Monday, February 16, 2015

But Wait! There's More!

There usually is....

A ceasefire is not in effect in Ukraine:

Pro-Russian rebels pounded encircled Ukrainian government forces on Monday and Kiev said it would not pull back heavy guns while a truce was being violated, leaving a European-brokered peace deal on the verge of collapse. ...

Fighting subsided in many parts of eastern Ukraine under a ceasefire deal reached last week in marathon talks involving the leaders of France, Germany, Russia and Ukraine. 

But the truce appears to have been stillborn in Debaltseve, where the most intensive fighting has taken place in recent weeks.

Oh, the anti-fun police are out:

Police in the German city of Braunschweig cancelled a popular Carnival street parade on Sunday because of fears of an imminent Islamist terror attack.

Police spokesman Thomas Geese said police received credible information that there was a "concrete threat of an attack with an Islamist background" on Sunday's parade and therefore called on all visitors to stay at home.

A North Korean woman recounts her abuse in the Stalinist state:

It took nine years and four separate attempts, but a 35-year-old North Korean woman named Ji Hyunah finally escaped the isolated communist regime of her birth. Now, she has revealed before a United Nations commission the horrors she underwent at the hands of North Korean officials and Chinese slavers during her journey to freedom – including the loss of her father, her sale into sexual slavery, and a forced abortion performed without anesthesia that left her with such severe injuries that a prison guard begged his superiors to grant her release. ...

After an illegal trip across the border to China, Ji’s father heard South Korean media for the first time and decided to defect. He went ahead to China to find a safe house for his wife and three children, but by the time his family arrived there, his hosts developed second thoughts about harboring escapees and kicked him out. "From that time on, I don't know where he is,” said Ji.

Alone without their husband and father, Ji’s mother and siblings were immediately captured by Chinese officials and handed over to North Korean police. But the North Koreans were so overwhelmed with would-be defectors that they let the family go with a warning.

Just two months later, the females of the Ji family again crossed into China. This time, they were intercepted by Chinese slavers, who captured them with the intent of selling them into sexual bondage.

“[H]uman trafficking is not just like being sold and forced to live with someone," Ji said. “[The slavers] were afraid that we would run away, so we were constantly watched. We lived in fear.”
Ji was sold to a young Chinese man, but before she could be handed over, the Chinese police found her and deported her back to North Korea.

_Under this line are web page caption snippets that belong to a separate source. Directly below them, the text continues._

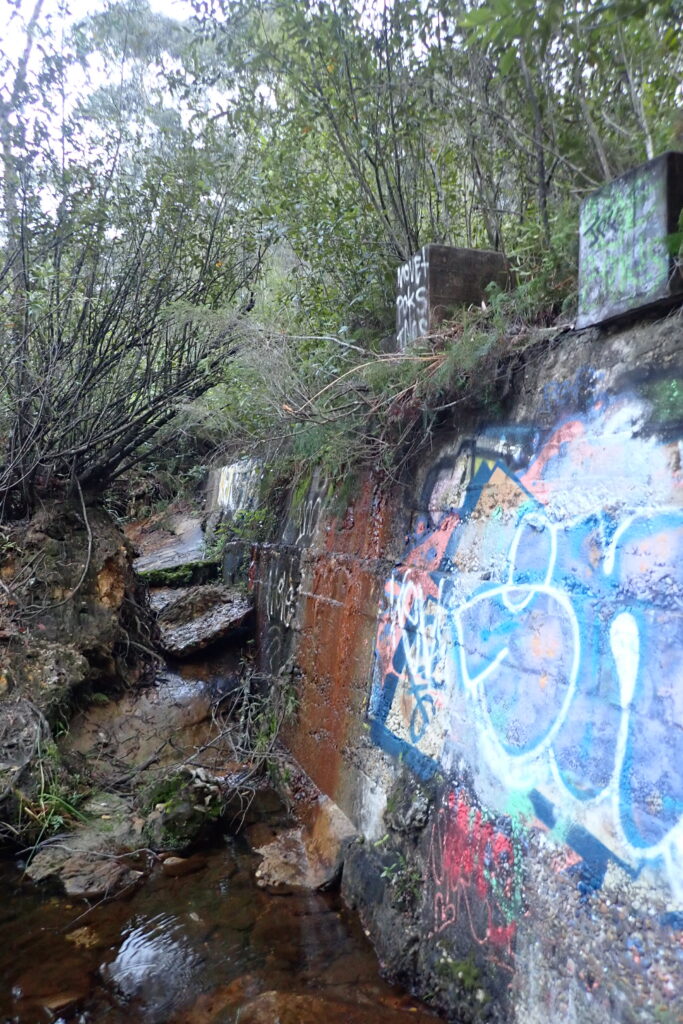 Closer view of retaining wall with graffiti.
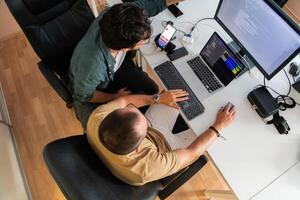 Top view of programmer diligently testing smartphone applications while sitting in their office. photo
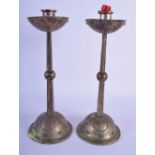 A STYLISH PAIR OF WMF ARTS AND CRAFTS SILVER PLATED CANDLESTICKS. 26 cm high.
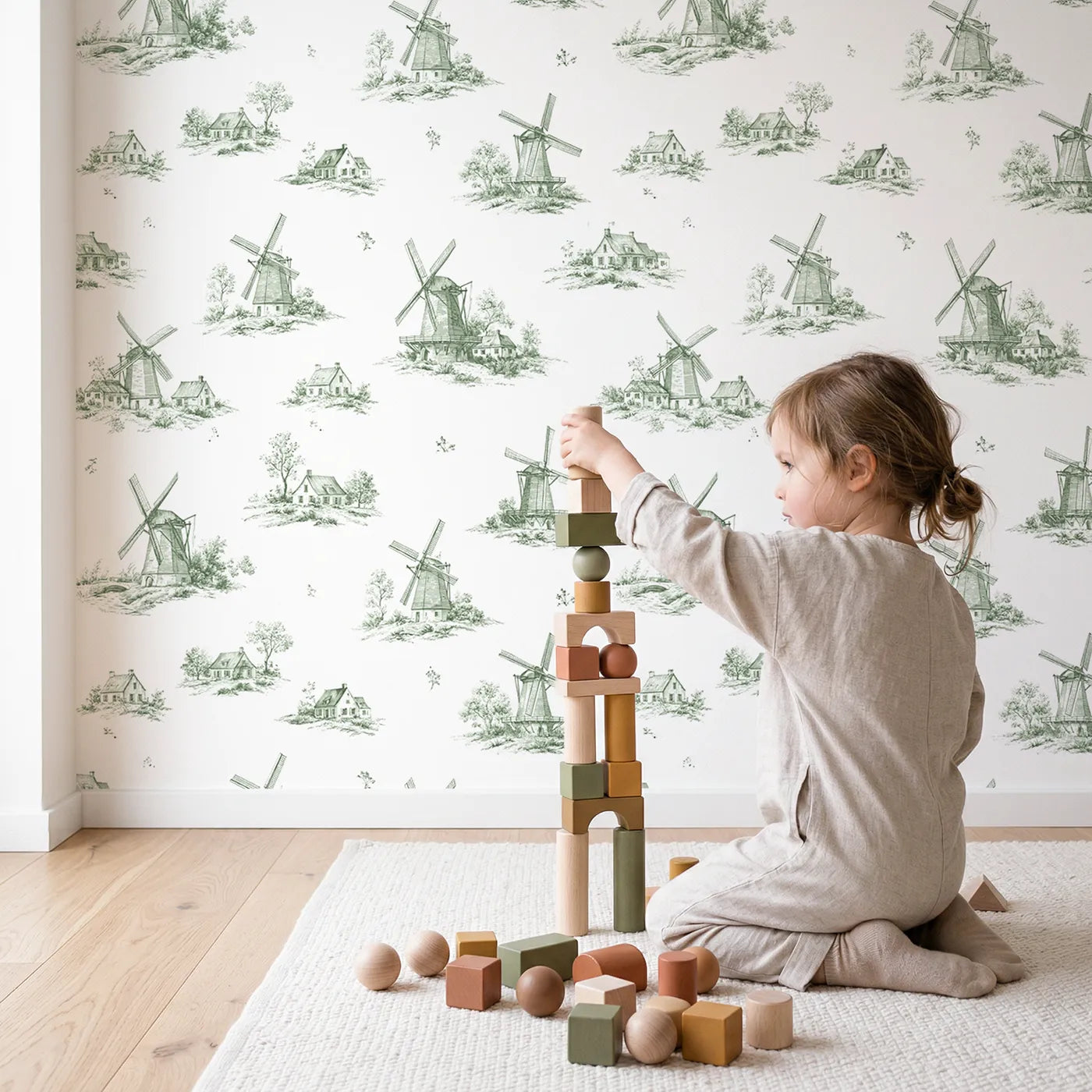 Windmill Toile Rows in Green wallpaper in a cozy kids room - Whimsy Tots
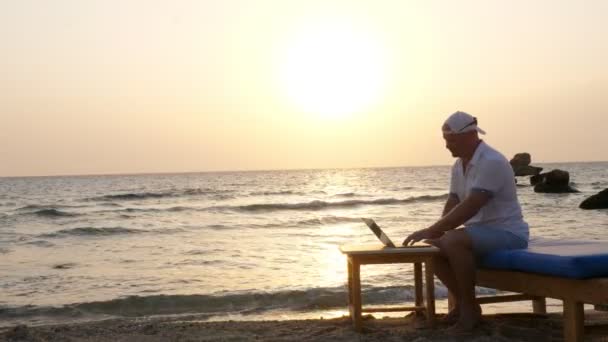 Homem de chapéu blazer, digitando usando laptop, sentado na praia junto ao mar, ao pôr do sol ou ao nascer do sol. freelancer, trabalho remoto. férias de verão no mar. internet apaga distâncias — Vídeo de Stock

For her second offense, she was sent to the infamous Jeungsan Reeducation Center, a prison so brutal that only one out of of every 10 inmates made it out alive. She remained there for a year, eating frogs and grasshoppers and lining her threadbare clothing with plastic bags just to survive.

As soon as she was released, Ji fled again to China, once again being caught by slave traders.

"I was sold to an old man this time," Ji told the Telegraph. "He was nice to me, but he had huge debts, so I had to work on his farm to pay off his debts."

In 2002, Ji was discovered by Chinese authorities and again deported back to North Korea. Soon after she arrived, the prison authorities discovered she was pregnant by her former owner.

“They carried out a forced abortion, without anesthetic,” Ji said. “I was bleeding heavily for a long time. I was fortunate that one of the guards took pity on me and convinced his senior officer to release me.”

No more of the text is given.